So in the last few years, I’ve had to move around quite a bit because of my job. In fact, I’ve had three different addresses in the last 18 months, as I’ve been going through an Air Force training program. Moving sucks. Besides the hassle of putting all your stuff in boxes, moving to a new place means that all the energy you’ve invested in finding the best place to get lunch, discovering shortcuts to work, and updating your car insurance is now invalid. All the time and care that you poured into meeting new friends, and building relationships, now has to be reinvested in new people. If you were lucky enough to find a great church at your old place, you have to say goodbye and hope that you find a new one that’s almost as good.

That was my fear, at least. It turned out to be unfounded. When I left Texas, I was sure I wouldn’t find anyplace nearly as good as Del Rio Bible Church once I moved to North Carolina. But, I did. When I left North Carolina, I was sure I would never find anyplace as good as Pillar Church. But, I did, here at Crossroads. So maybe there are three really good churches in the country, and I have been lucky enough to attend all three of them. Or maybe God has designed the church to be a place where people belong and feel loved, and there are places like that everywhere. I imagine it’s probably the second one.

There are some great things that I’ve noticed about churches over the last few months, things that made the experiences so positive at each place. First off, just as Christ loved us unconditionally, the people at these churches have loved me unconditionally. Secondly, the more I got involved, the closer I became with everyone. And finally, seeing love in action in these groups has made me realize that being nice isn’t a zero-sum game.

I felt loved right away at these three churches. It was pretty evident that Christ’s unconditional love for man was overflowing out of these people. That through him, they were able to love beyond a normal human capacity. My very first Sunday at Pillar Church, this guy Jon introduced himself to me and invited me over for lunch. It was only as I was on the way to his house that I realized, he wasn’t just a nice dude, he was also one of the two lead pastors. One of the very first questions he asked me was, “So, what can I do to serve you while you are here? How can I help you out?” I was taken aback. And he didn’t just mean help me with church-type stuff, like growing in Christ (although he certainly did help me with that). He meant with anything. Helping me move, helping me adjust to my new home, having me over for meals. But the spiritual effect of that was profound. It made me realize that there isn’t spiritual “church-stuff” and non-spiritual “regular-stuff”. It’s all spiritual. Loving and being loved, serving and being served, is what the body of Christ is about. If something that crazy can happen with just two people, imagine the effect when you have love and kindness flying back and forth between dozens, or hundreds, of people.

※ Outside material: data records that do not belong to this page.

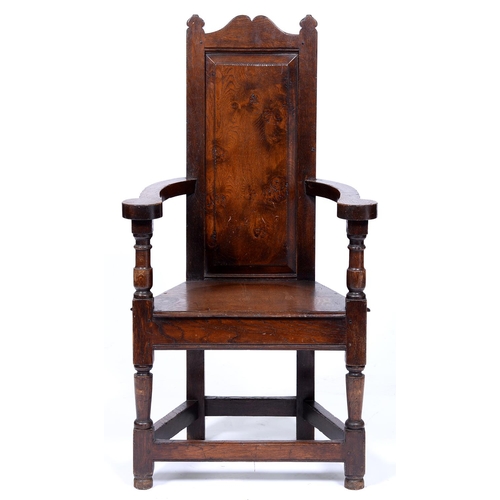 802 - An oak panel back armchair, early 20th c,  in 17th c English style, the back with raised and fi... 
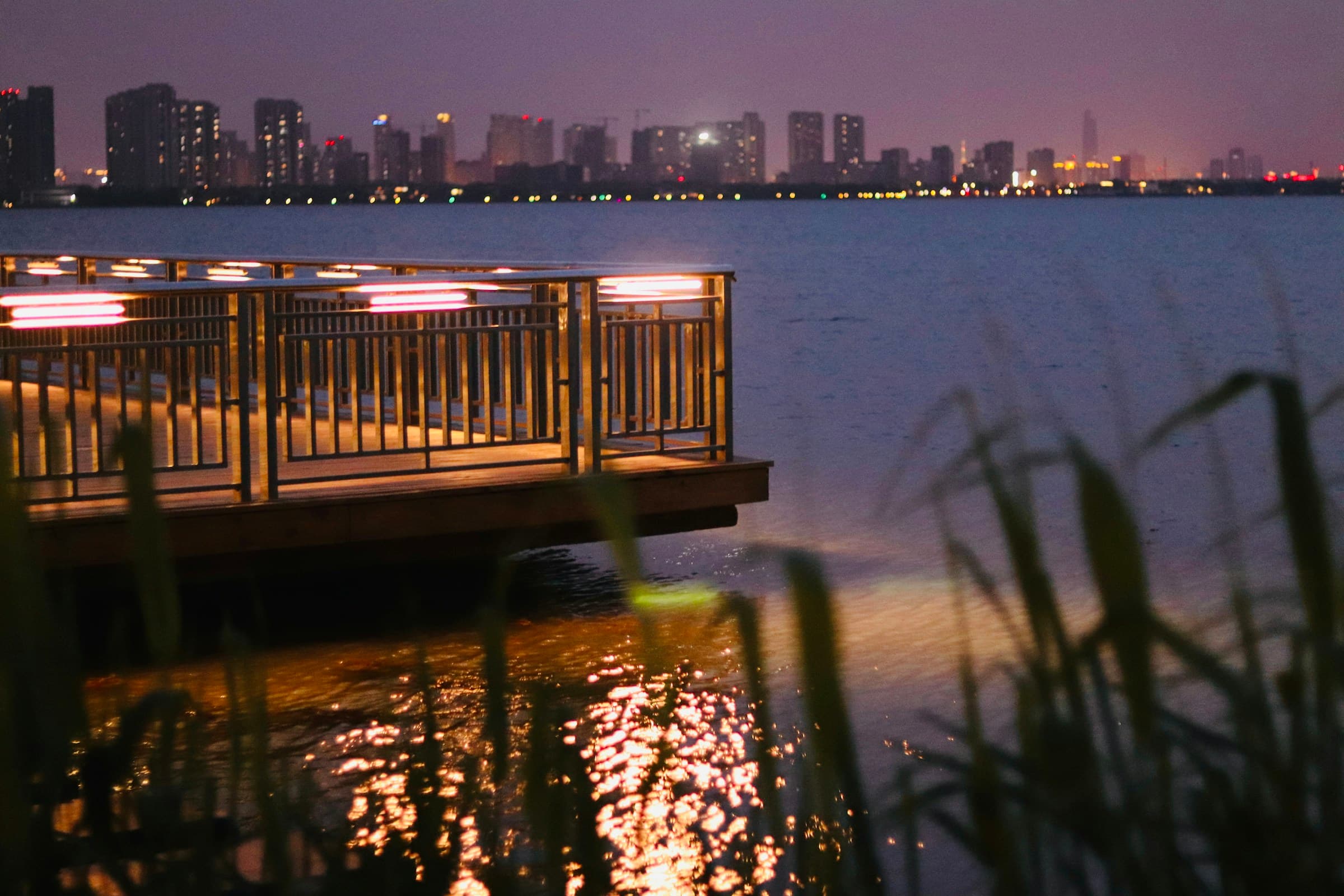 The terrace at golden hour with guests, the water and lower Manhattan behind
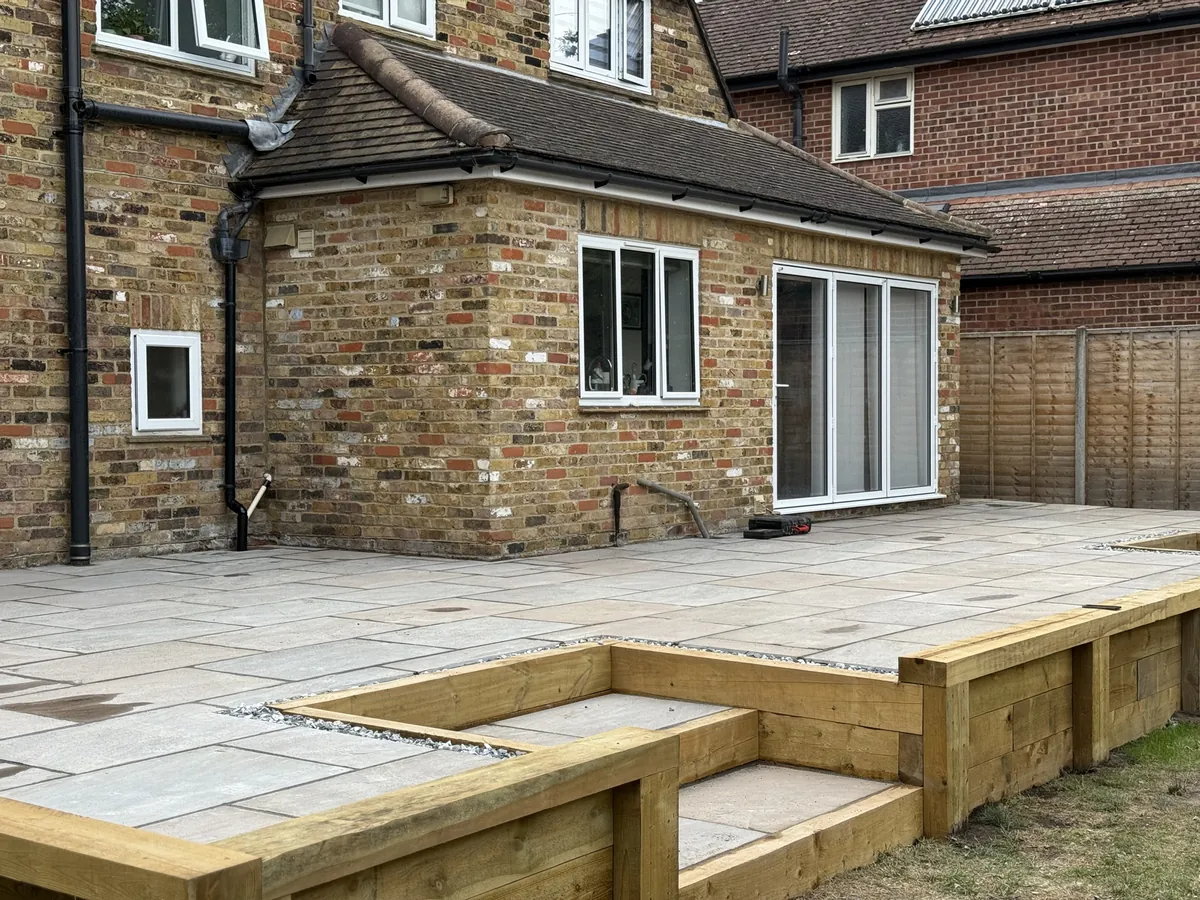 Finished Autumn Brown sandstone elevated terrace raised to house height in a Chalfont garden.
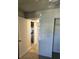 Hallway featuring a hardwood floor and leading to a carpeted room, offering a transition between spaces at 414 Danube Ave, Tampa, FL 33606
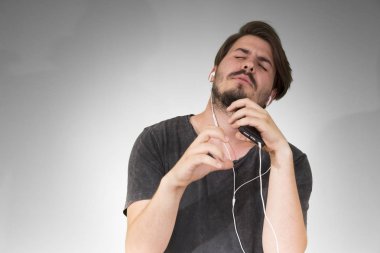 adam akıllı telefon dinleme müzik gri arka plan üzerinde kulaklık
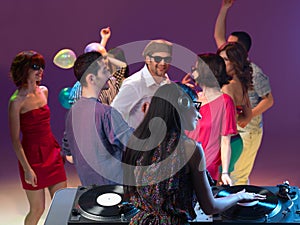 Girl mixing music at party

Another thing I noticed is that getting involved is sort of a catalyst for building close relationships at church. When I first started going to Del Rio Bible Church, I pretty much showed up for the service, heard the sermon, and left afterwards. It was pretty good. People knew me, people were nice to me. But getting involved made it even better. A few of my friends started teaching Sunday school, and suddenly it became what all the cool kids were doing. So I signed up too. All of the sudden, all the kids knew my name, and all the parents knew my name, and I realized that I wasn’t just hanging with my bros teaching Sunday school, I was shaping young minds and helping children learn about Christ. Obviously I knew those two facts beforehand, but only academically – experiencing them firsthand made it take on a more personal meaning. I was worried that committing to the extra time would take time away from other things, but it really didn’t. Or maybe it did. I’m not sure. But what I do know is that it filled me with such joy, and helped me grow so much, spiritually, that I would do it again in a heartbeat. And it doesn’t have to be just Sunday school. At the other churches I’ve been to, I’ve helped out with the audio stuff, I’ve helped out with communion, etc. It doesn’t really matter what it is. I think at the end of the day, doing something that serves Christ, side by side with other people who love him, will bring you closer to God and man, in the best way possible.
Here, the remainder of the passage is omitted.